Django Unchained also shows a mob of white people in bag head masks that is very reminiscing of the Klu Klux Klan and it’s portrayed as comic relief in the film. The members of the lynch mob can be seen arguing among each other about the holes in their bag head masks and how they aren’t big enough to be able to see through. Tarantino mocks the act of white supremacy by making the racist lynch mob look like fools and he shows how counterproductive racism and white supremacy can be. In a sequence when Shultz and Django meet Big Daddy to hunt down The Brittle Brothers, Big Daddy isn’t pleased to see Django riding on a horse and he immediately unwelcomes them but Shultz tells him that he has 5000 things that might change his mind, which immediately captures his interests and changes his mind. Shultz then emphasizes to Big Daddy that Django is a freeman and not a slave, therefore he shouldn’t be treated as one. Big Daddy then invites Dr King Shultz into his house to discuss business and asks one of his female house slaves to accompany Django. Big Daddy tries to explain to one of his female slaves that Django is a freeman and he shouldn’t be treated as a slave but the female slave does not seem to understand what that means because she may be underexposed and may only see other Blacks as slaves by default. The female slave then tries to comprehend what Big Daddy is trying to say to her, she asks him if he wants her to treat Django like white folks, Big Daddy then replies with a “No, that’s not what I said” and he asks her to treat him like the Pecker wood boy in town called Jerry to get her to understand. This scene is supposed to be humorous and it also shows that even though Black men were free from slavery, they will never be seen an equal to a white man. This is still relevant today because certain people don’t see people from a certain ethnic group as an equal in society just because of physical appearance.
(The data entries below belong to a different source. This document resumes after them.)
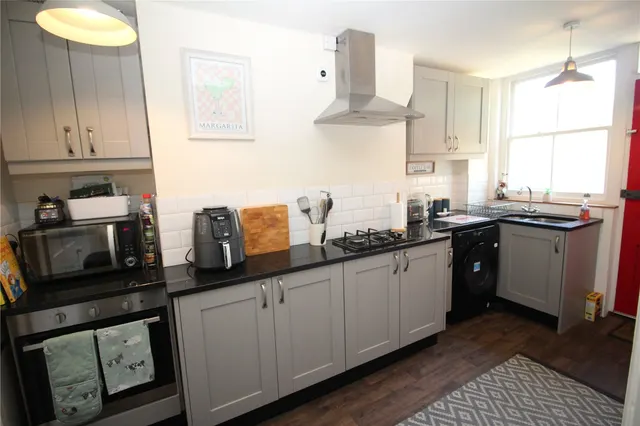 Photo 3 — London Road, Forest Row, East Sussex, RH18 5EU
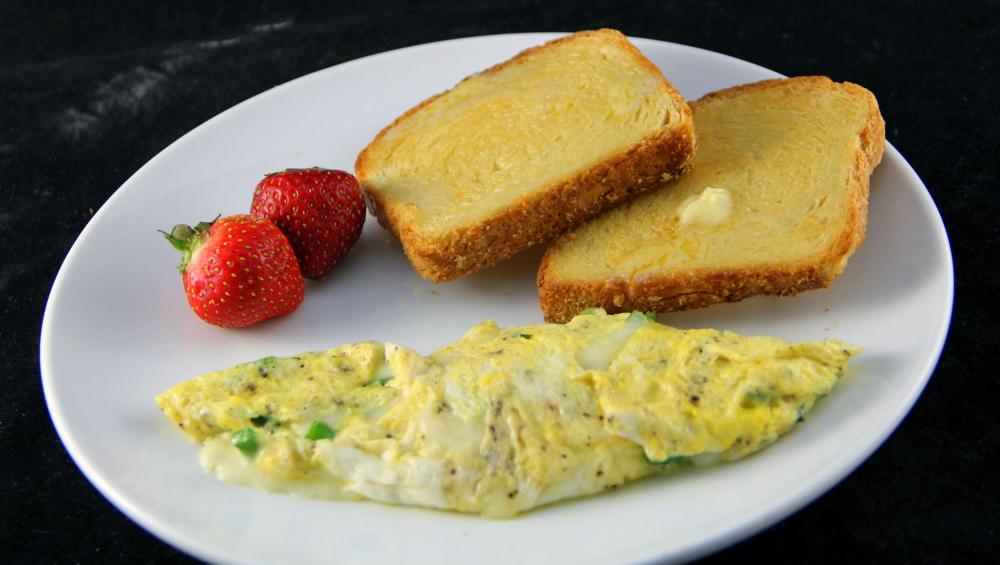 omelet.thumb.jpg.34fa8cd626e61a7b697045d3ffbbc6ec.jpg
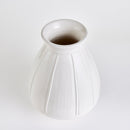NAPA Home & Garden, DESIO VASE Collection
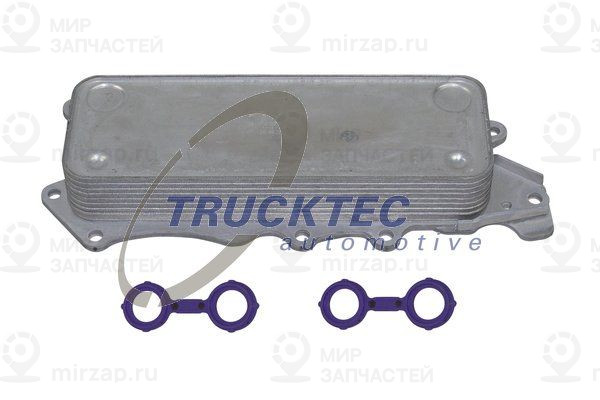 Запчасть TRUCKTEC AUTOMOTIVE 0218101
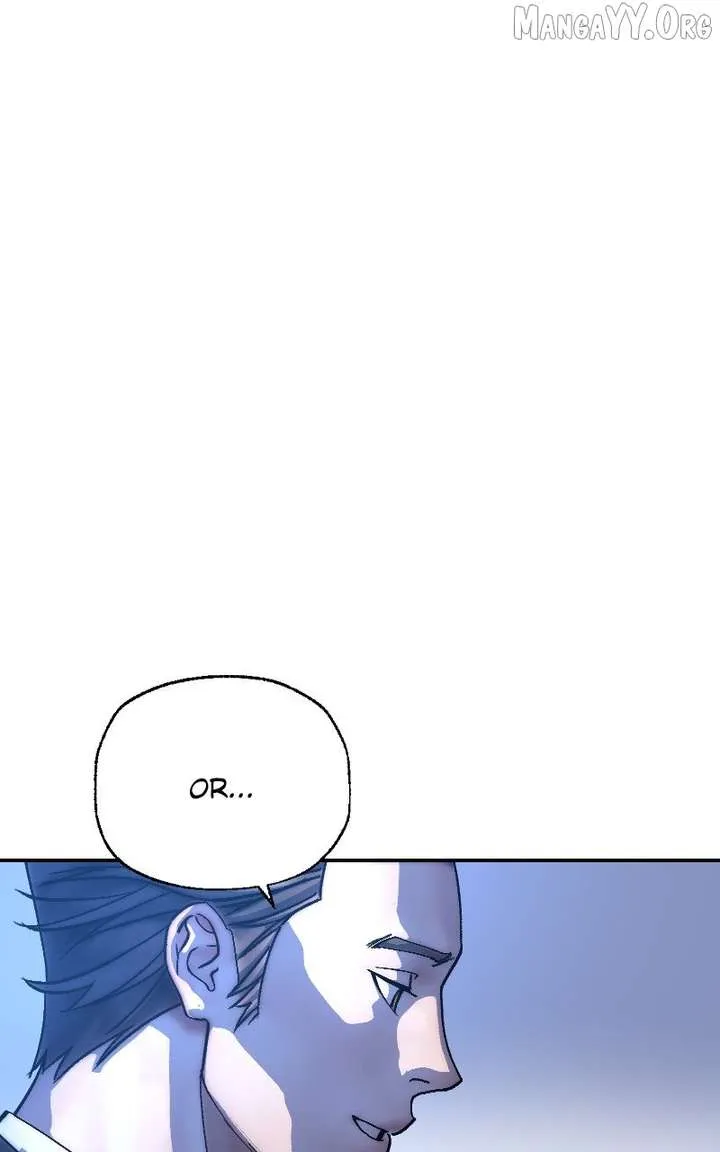 Chapter 28 — page 74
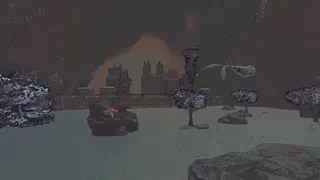 Скриншот 6 к игре Exobiota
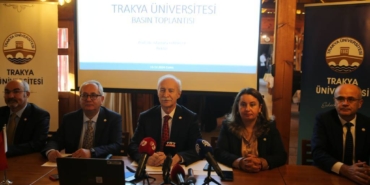 bilecik-haber_trakya-universitesi-tip-fakultesi-hastanesinde-acil-servis-ve-onkoloji-hastanesi-genisletilecek-50012.jpg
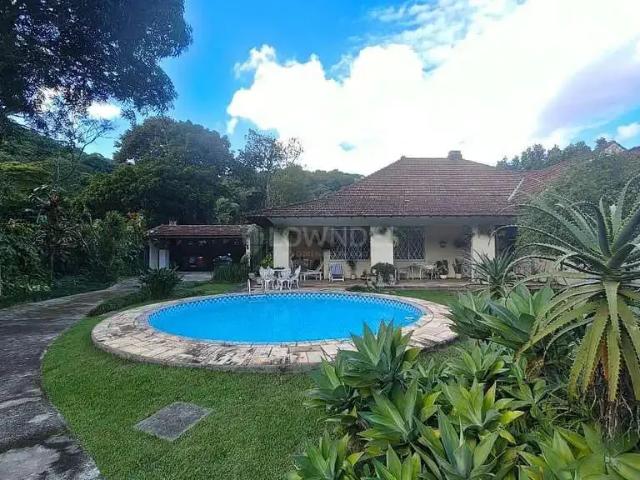 Casa venda em Palmeira dos Índios, Região Nordeste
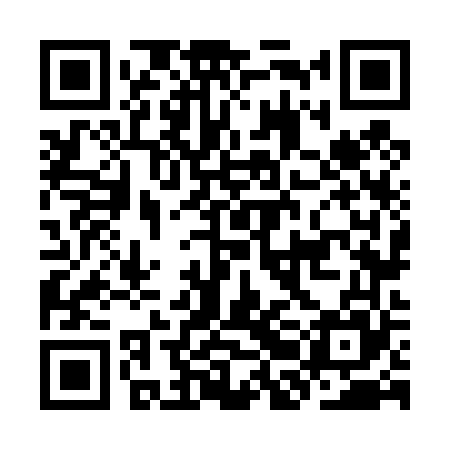 QR code for KBN465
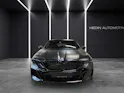 BMW 540d xDrive Touring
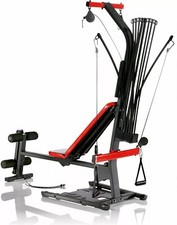 Bowflex pr1000 home for sale  Southlake
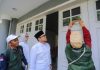 Pilar Ajak Warga Tangsel Sukseskan Pemutakhiran Data Pemilih Melalui Coklit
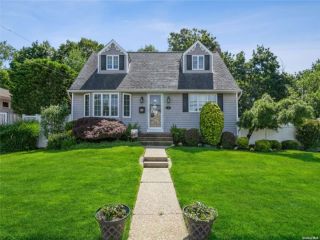 Casa Reposeída - Listado 100507029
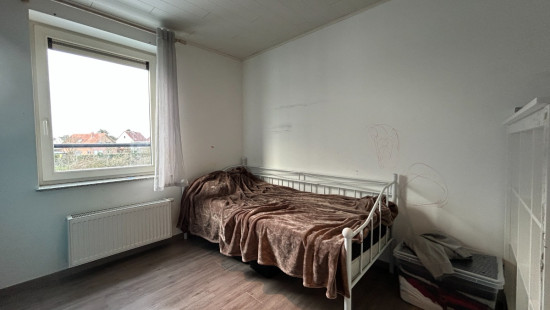 Donk - 25 - 2 - 2400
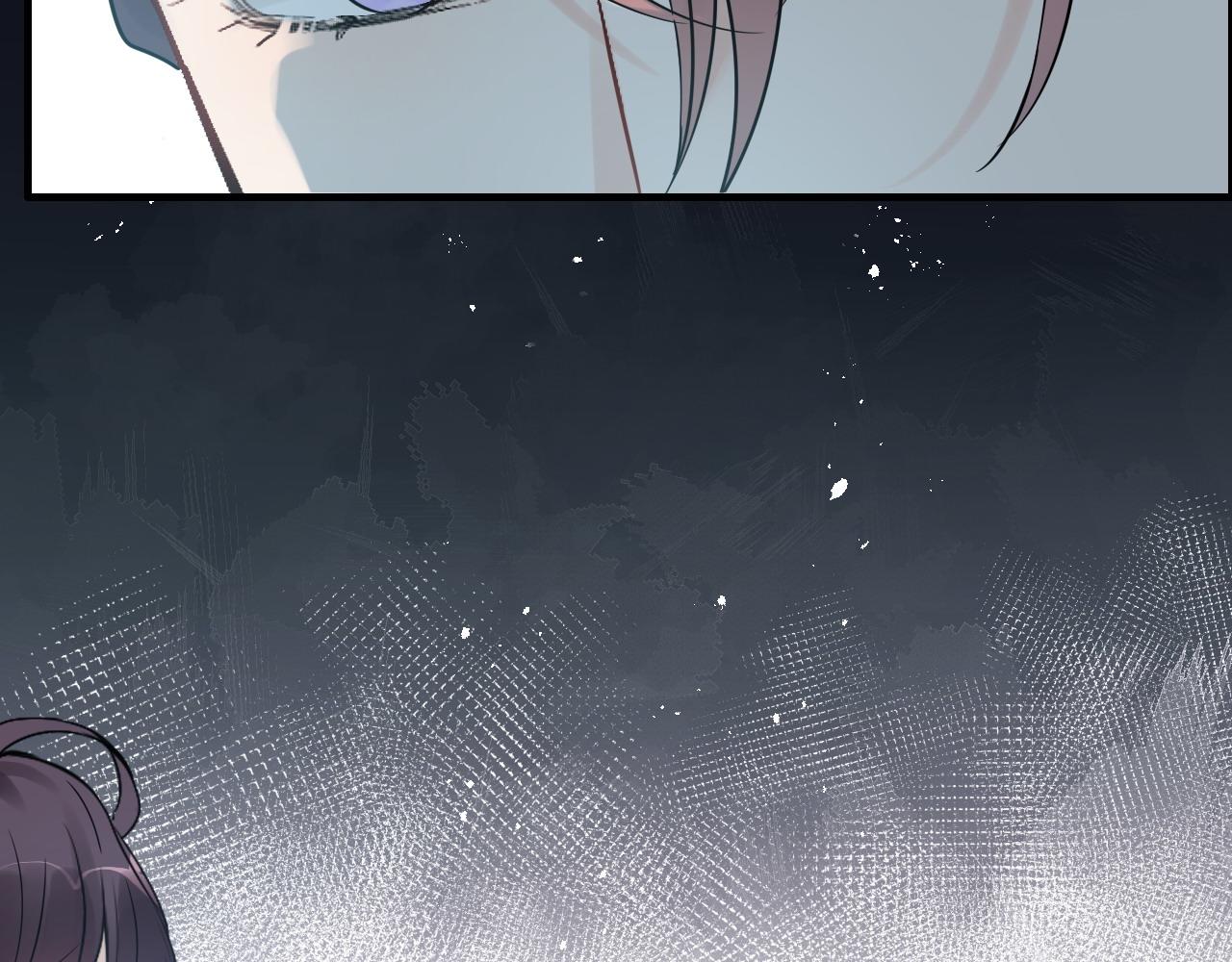 第449话 准备撤离18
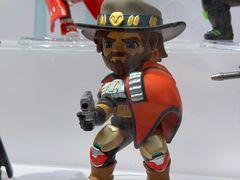 -泡泡玛特POPMART(龙湖杭州滨江天街店)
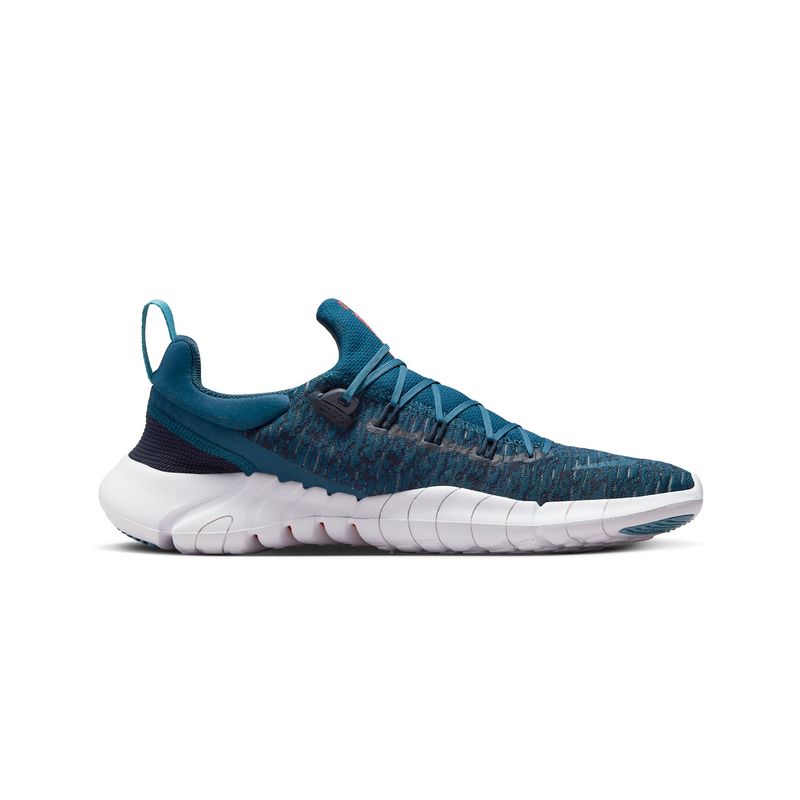 nike-free-run-5.0-azules-cz1884-402-2.jpeg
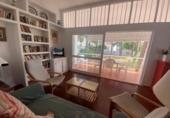 Village house for sale in Pinares de Lepe ref: TR410989 photo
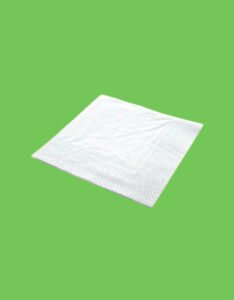Napkins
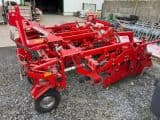 Grimme GH4-ECO - Afbeelding 3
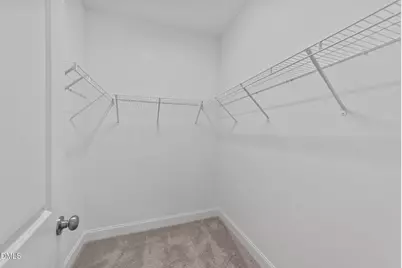 124 Oyster Lane #22, Garner, NC 27529 - Photo 17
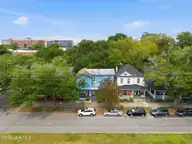 407 N 5th Avenue, Wilmington, NC 28401 — 3-bedroom home in Brooklyn, Wilmington, NC, photo 4 of 14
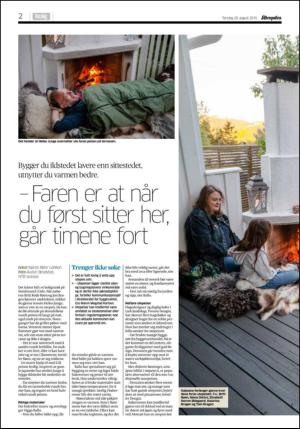 aftenposten_bolig-20150820_000_00_00_002.pdf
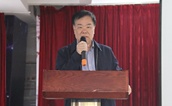 宁德市蕉城区慈善总会举办“阳光护航”公益培训，聚焦孤独症儿童社会性康复教育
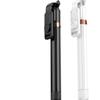 Universeller 360° Multifunktions-Selfie-Stick & Stativ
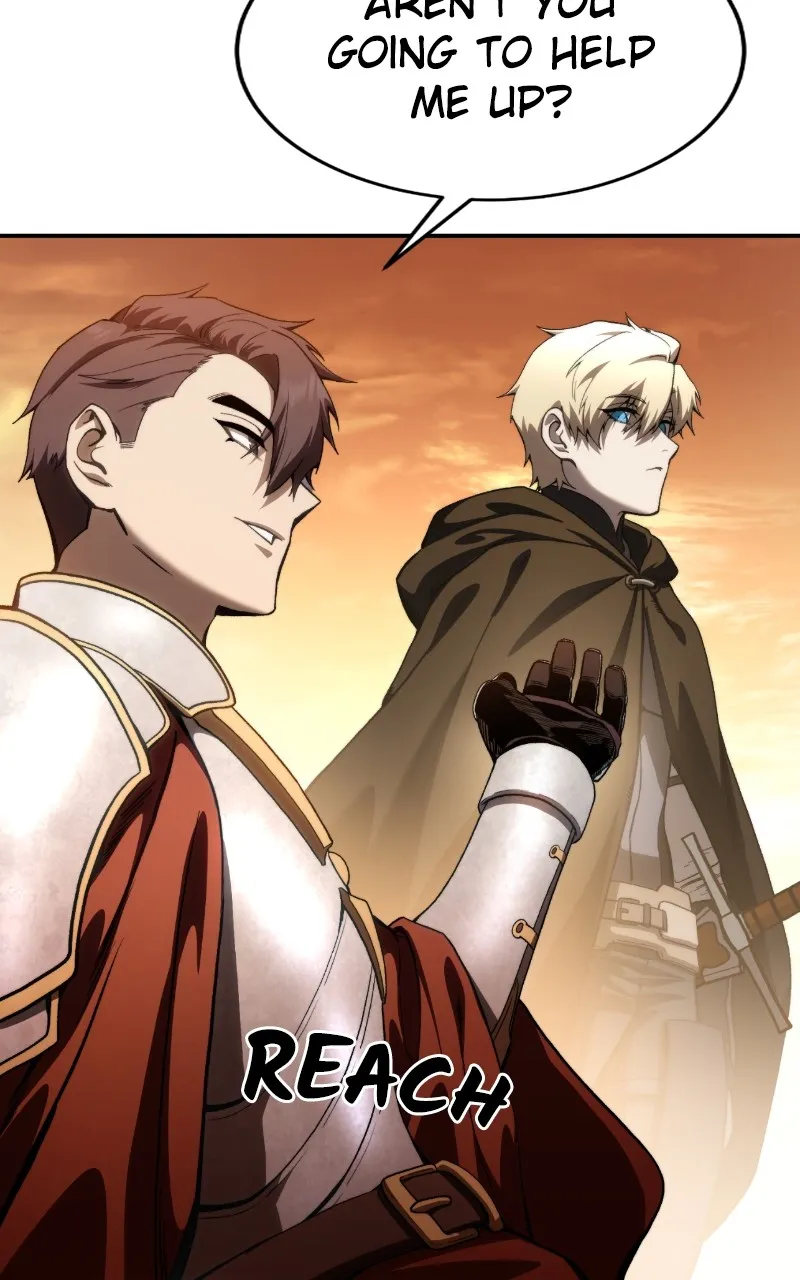 Read The Stellar Swordmaster chapter 32 image 121 on Lezhin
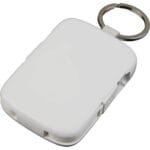 Custom My Jolt 2000 mAh Power Bank with Integrated Cables - 3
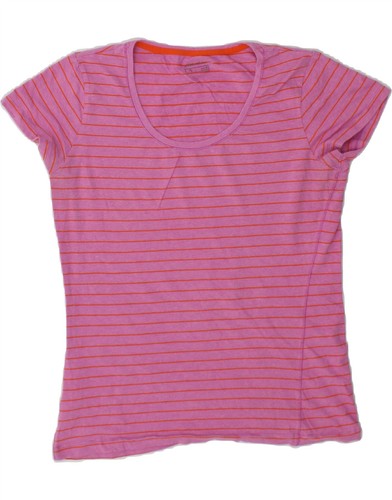 Eddie bauer womens shirt - womens, t-shirt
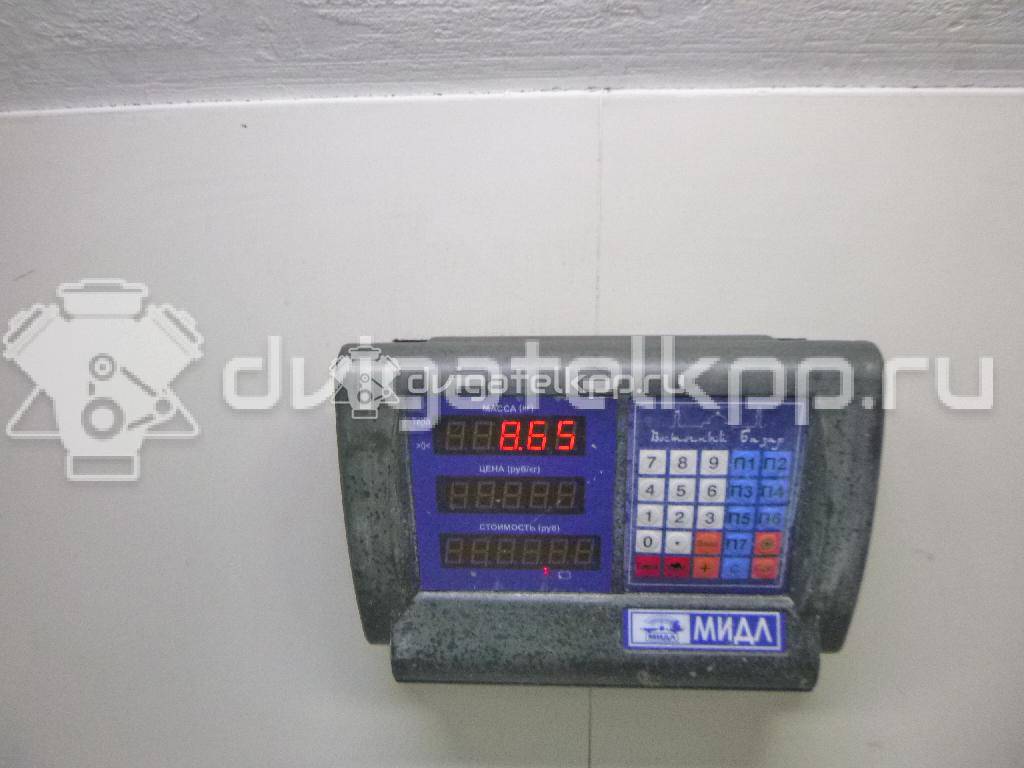 Фото Генератор  LR001200 для volvo V70 {forloop.counter}}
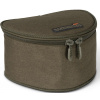 Fox Puzdro Na Navijak Voyager Reel Case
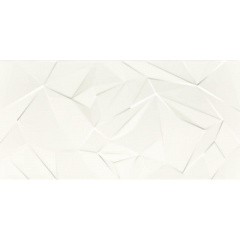 Керамическая плитка Paradyz Natura Bianco Sciana Struktura G1 30х60 см Ужгород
In another scene where Leonardo DiCaprio’s character Calvin Candie furiously explains to Django and Shultz using a skull of a Black Man who was a former slave that used to work for Calvin’s father. 'Why don't they kill us?' asks Calvin Candie. He explains why the African slaves he abuses do not fight back and take revenge. 'The science of phrenology,' says Calvin Candie, 'is crucial to understanding the separation of our two species.' He cuts open the back of the skull with a saw, removing a portion of the skull and pointing to an allegedly enlarged area. In African slaves, Candie says, this dimple is found in the region of the brain correlated with 'submissiveness'. For Calvin, phrenology not only rationalized slavery, it justified it. Phrenology has been debunked by modern science, the idea that a shape of a skull can influence certain characteristics was incorrect and a flawed use of science (Murray, 2013). The film doesn’t clearly state this logic as fact. The film ends with Django achieving victory ad getting his justice, Tarantino goes against racist movie tropes where black characters typically don’t make it out alive in these types of films. In conclusion, Although Tarantino film’s representation of race may be looked at as a racist film, in reality it is the exact opposite. Django Unchained shows that Hollywood is progressing in terms of the representation of race in films.